(Stored entries)
# # #

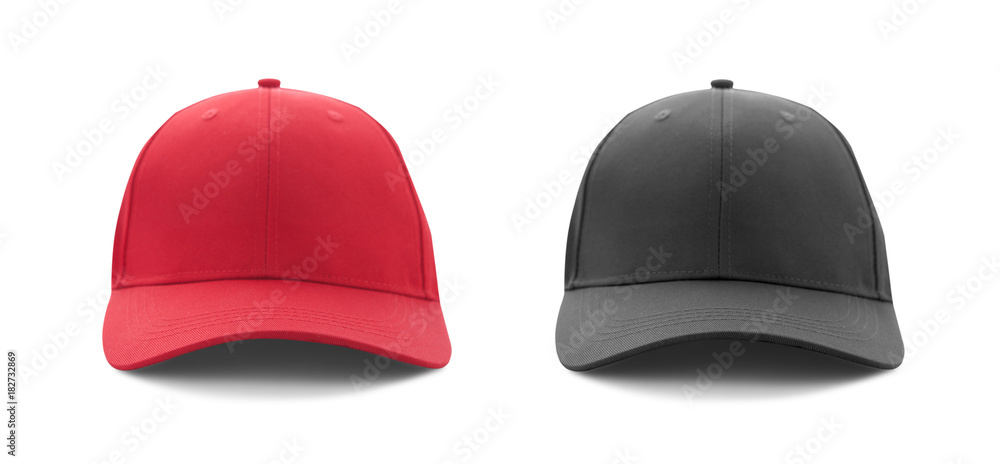 Baseball cap red and black templates, front views isolated on white background - obrazy, fototapety, plakaty 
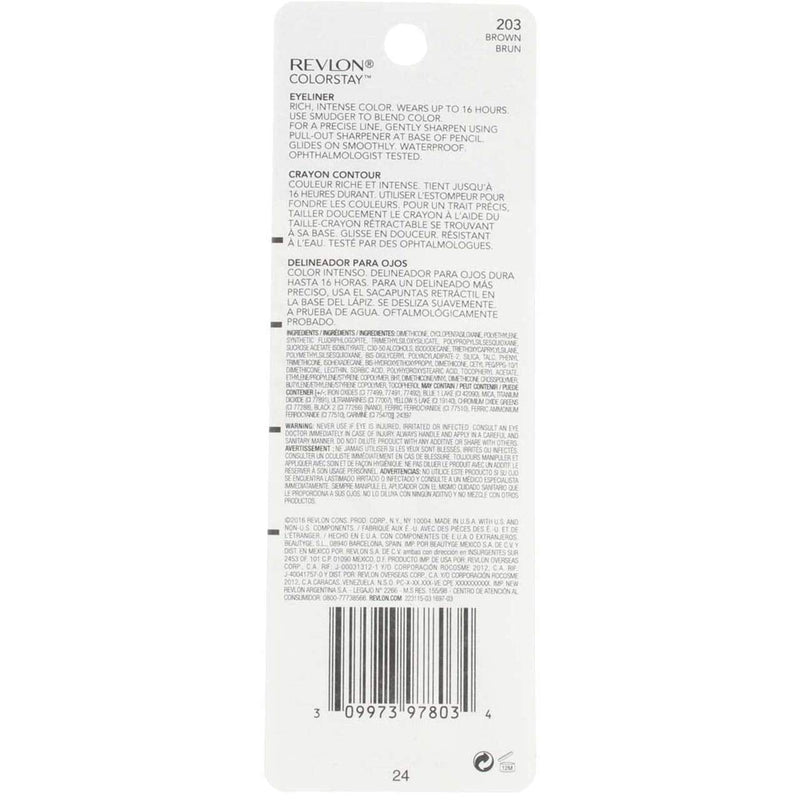 Revlon ColorStay Eyeliner Pencil, Brown [203], 0.01 oz (Pack of 2) REVLON
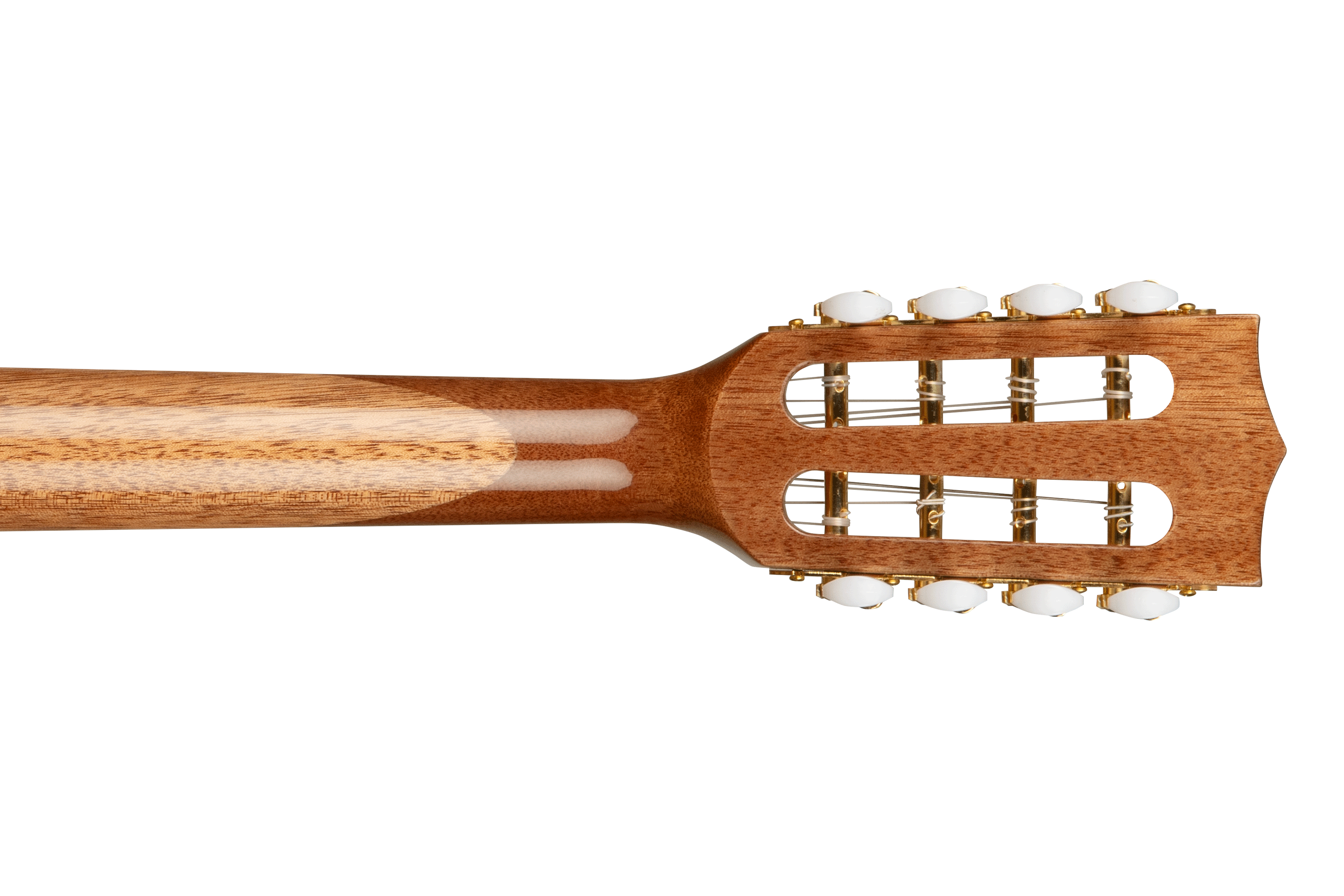 Close-up of a wooden guitar neck with frets on a white background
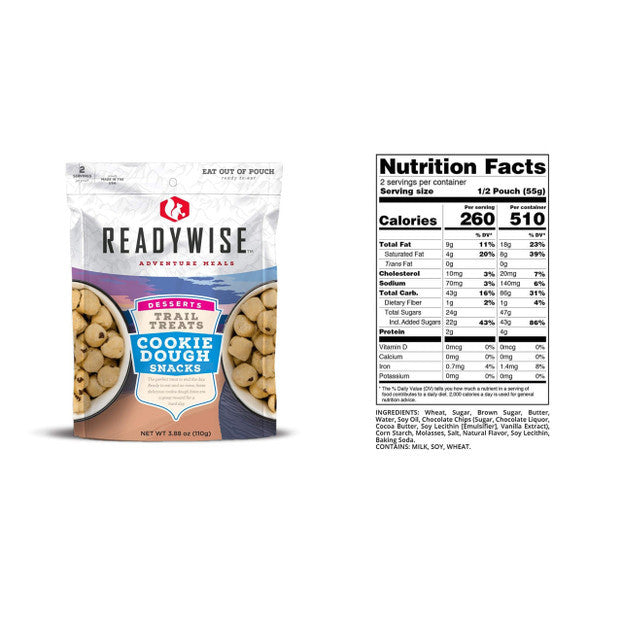 ReadyWise Trail Treats Cookie Dough Snacks (2 SERVING POUCH, 6 PACK)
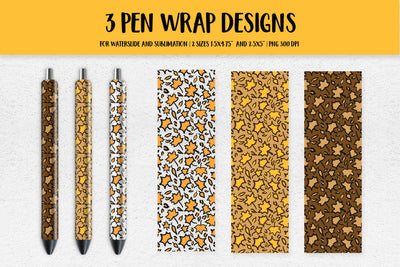 Autumn Maple Leaves Pen Wrap Sublimation. Fall Pen Wrap PNG Sublimation LaBelezoka 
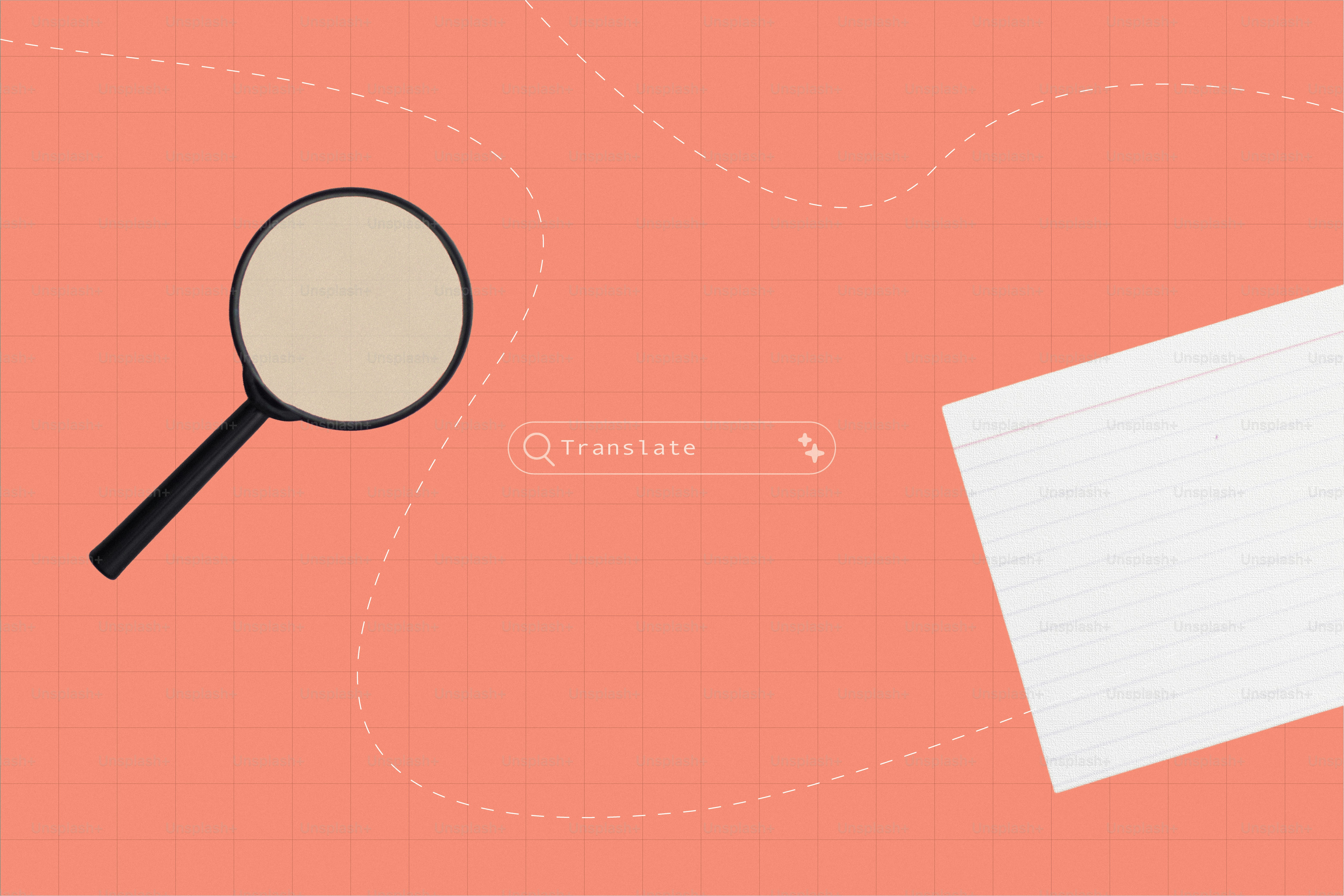 Magnifying glass and paper on orange background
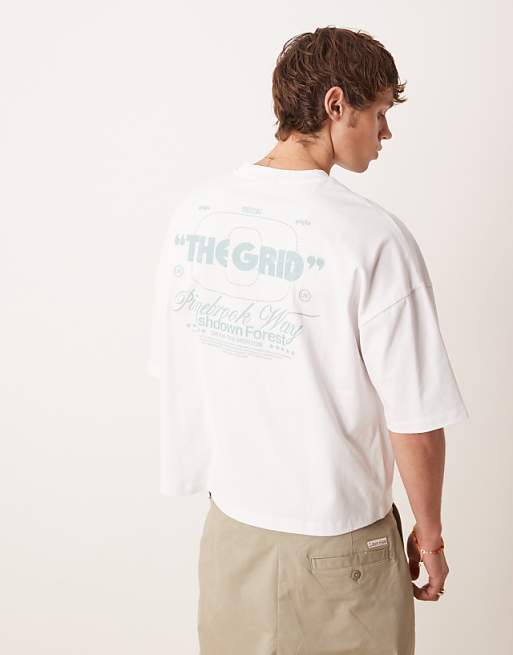 ASOS DESIGN boxy oversized heavyweight t-shirt with print in white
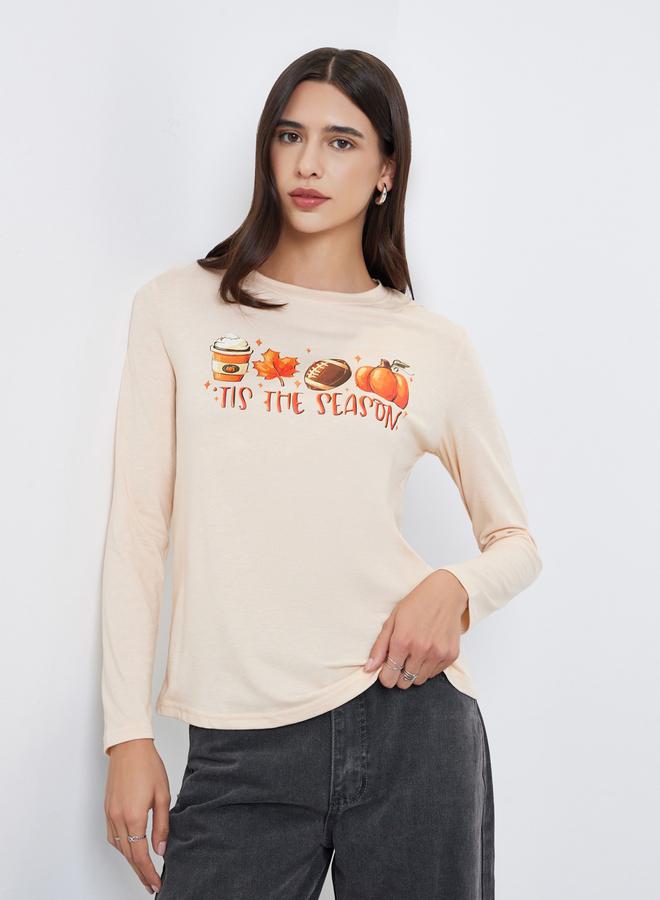 Take Two Beige Tis The Season Graphic Print T-Shirt - Image 1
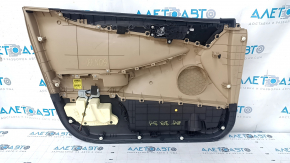 Door trim card front right Hyundai Sonata 11-15 beige, with beige insert, armrest leather, scuffs, scratches, dents, crack in fastening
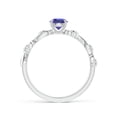 thumbnail image 2 of ANGARA Natural Tanzanite and Diamond Ivy Scroll Engagement Ring in 14K White Gold for Women (Size-5mm) | December Birthstone, Birthday, Anniversary, Jewelry Gift for Women | Natural Tanzanite Ring, 2 of 8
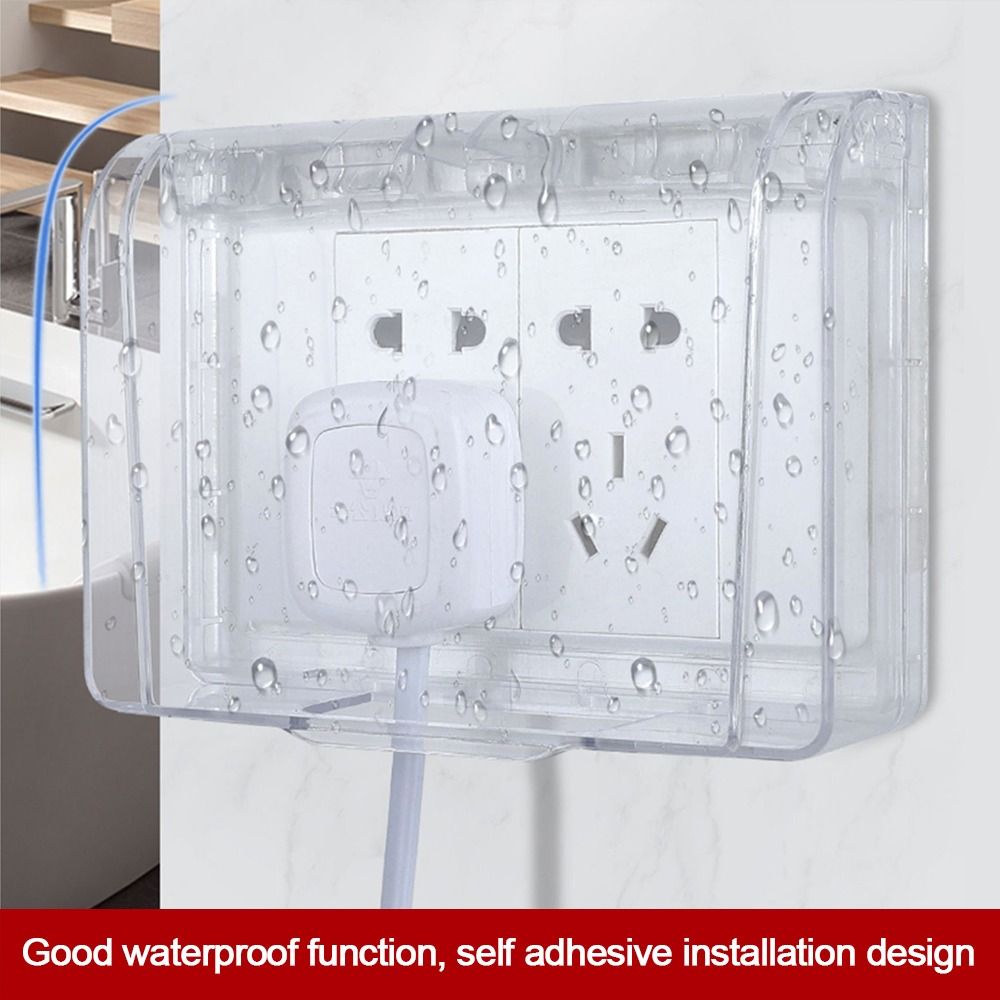 Outdoor Power Outlet Cover - ฝาครอบป้องกันสวิตช์แบบติดผนัง แบบมีกาวในตัว 86 ประเภท ปลั๊กป้องกัน ปลั๊กพลาสติก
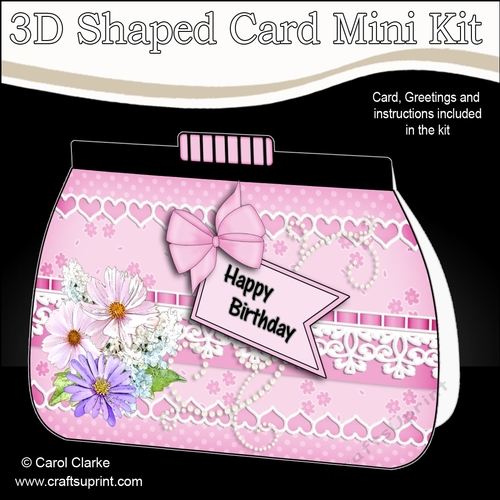3D Shaped Card  Kit - A Touch of Elegance Flowers, Lace & Pearls Clutch Bag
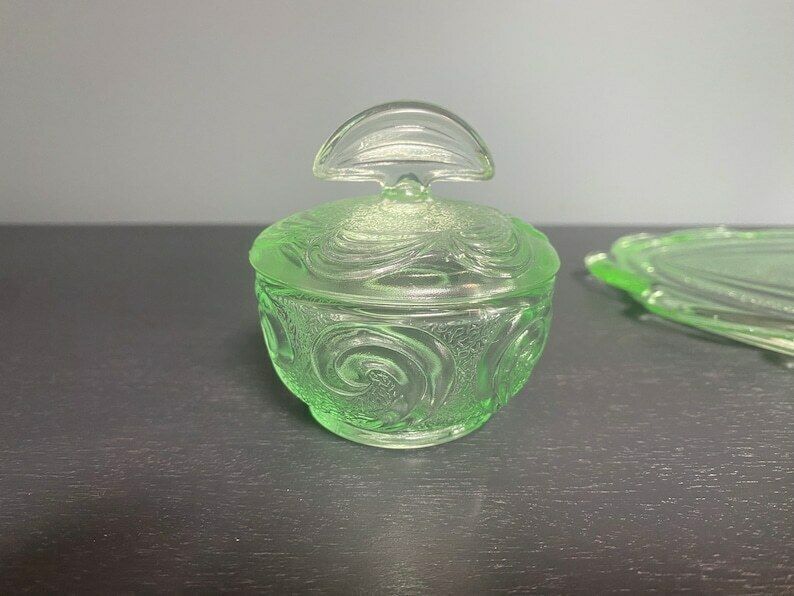Vintage Green Glass Dressing Table Set Art Deco Glass Vanity Set By Bagley  In Rutland Pattern #3078 1930s Free Shipping | Vinterior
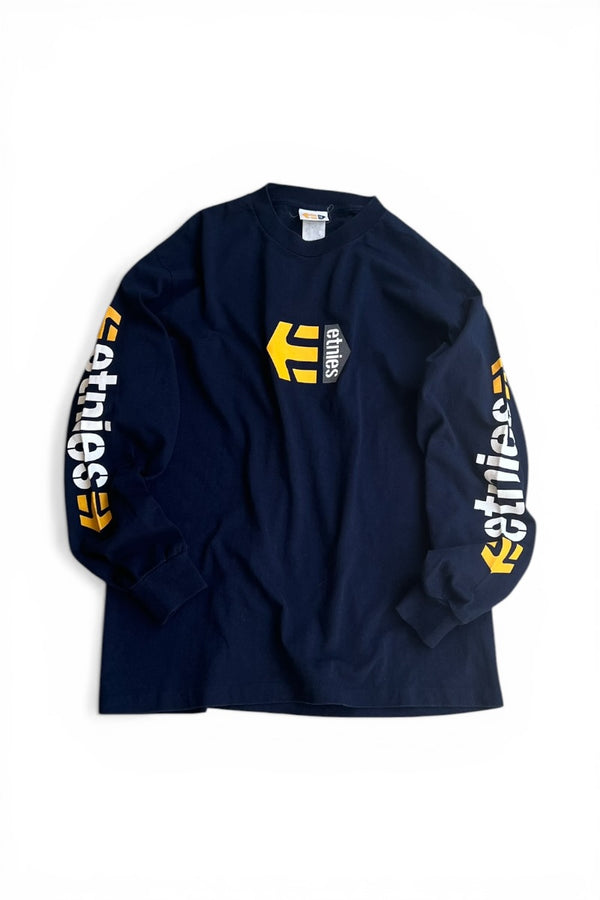 MADE IN USA 90'S SKATEBOARDING L/S T-SHIRT / NAVY [SIZE: M USED]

# # #

Exercise goal: Pictures stay out of this copy. Retype exactly the lines from the one with "Door trim card" through the last line of the data, both ends included, and nothing more.

Task response:
 Door trim card front right Hyundai Sonata 11-15 beige, with beige insert, armrest leather, scuffs, scratches, dents, crack in fastening
 thumbnail image 2 of ANGARA Natural Tanzanite and Diamond Ivy Scroll Engagement Ring in 14K White Gold for Women (Size-5mm) | December Birthstone, Birthday, Anniversary, Jewelry Gift for Women | Natural Tanzanite Ring, 2 of 8
 Outdoor Power Outlet Cover - ฝาครอบป้องกันสวิตช์แบบติดผนัง แบบมีกาวในตัว 86 ประเภท ปลั๊กป้องกัน ปลั๊กพลาสติก
3D Shaped Card  Kit - A Touch of Elegance Flowers, Lace & Pearls Clutch Bag
Vintage Green Glass Dressing Table Set Art Deco Glass Vanity Set By Bagley  In Rutland Pattern #3078 1930s Free Shipping | Vinterior
 MADE IN USA 90'S SKATEBOARDING L/S T-SHIRT / NAVY [SIZE: M USED]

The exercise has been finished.